Once when I came back into the bedroom darkness after checking on Dad, I heard my Mom’s voice say, You’re just like a ghost. This made me laugh, too. It isn’t my normal pattern, I said, slipping under the covers again.

It was fun to feel the energy of our parents and of Mike, M.A., and I there together after others had left, just as it was great to be with John and everyone else in the whirlwind of the holiday. Each family member, spouses, children, all their own ambassadors of life at this moment. Everyone plays their unique role being themselves. One buys flowers while another cleans. Every smile means the world. We adapt easily with each other, if not always gracefully, and always we laugh a lot at the least provocation.

That evening when we felt we had to call 911 for Dad, our hospital journey began again.

I thought about all the energy between us, the energy his body was using, the love I felt in his innocence and appreciation of the gift of life. Mixed in the week’s gathering I felt the joy and smiles and some laughter, as we always do, but a pronounced sadness lingered and was heavy to walk with, through. I became conscious of how pronounced the physical energies of our lives are – the lists, the chores, the things our minds become so occupied with, that need to BE DONE, as though our lives depend upon them. I also appreciated the flow of how these tasks can be accomplished – as we learn to communicate, as we pick up where another leaves off, as we ask and answer, as we do.
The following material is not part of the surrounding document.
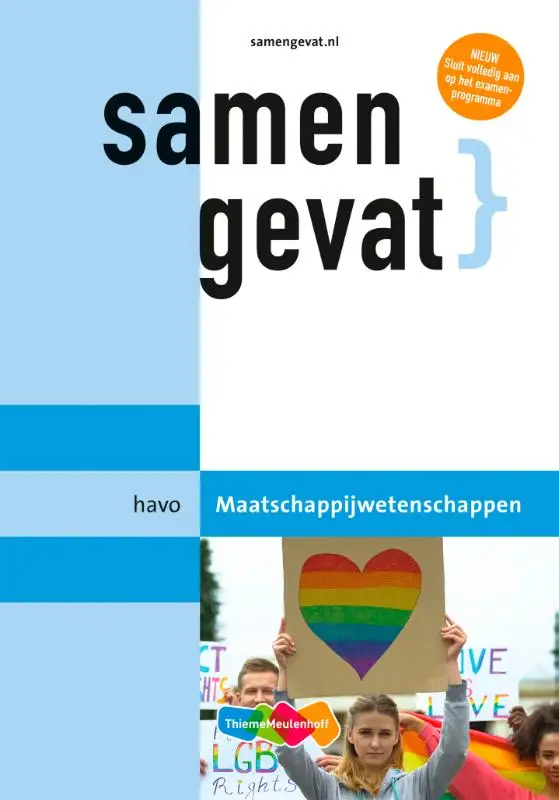 Samengevat / havo Maatschappijwetenschappen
At my mother’s friend’s suggestion, and having time at the hospital, I began to read a borrowed copy of The Shack, a recent “novel” growing in popularity. On the cover of this copy is written this endorsement, “This book has the potential to do for our generation what John Bunyan’s Pilgrim’s Progress did for his. It’s that good!” The story centers on one man’s life experience, a great loss (The Great Sadness) he suffers, and how his experience of God, love, life, and death begin to change. As he enters the scene where his daughter’s tragedy occurs, his world opens into the energy of love and the manifestations of “God” as he will come to know them. So now what am I supposed to do, he asked. You’re not supposed to do anything. You’re free to do whatever you like, the energy character called Jesus says. Don’t go because you feel obligated. That won’t get you any points around here. Go because it’s what you want to do.
After I had read these words, I heard Dad’s voice saying again, What should I do now? Suddenly I had an insight into how my mind has sought answers to life’s questions, and how our training from our many lives as physical beings forgetting that we are energy beings first shapes our thinking to ask What shall I DO now, to help us hear the voices within us that are guiding our energy forces every moment. The function of our matter changes as our thinking changes, and our mind begins to lose its connection to the way our matter moves. We become foreign to ourselves, until we know ourselves as spiritual energy beings.

The help and support we have experienced as a family has been wonderful. The list is long, and continues. For example, church members signed up to stay with Dad as he recuperates. His Sunday School class came to his hospital room on Sunday so he could "be there." He was delighted. He is eager to go home. What do I do to make that happen? he asks, his resolve firm in the moment. Focus on moving, I say, with full love, a little at a time. We use our energy to go where we want to go. I am thankful.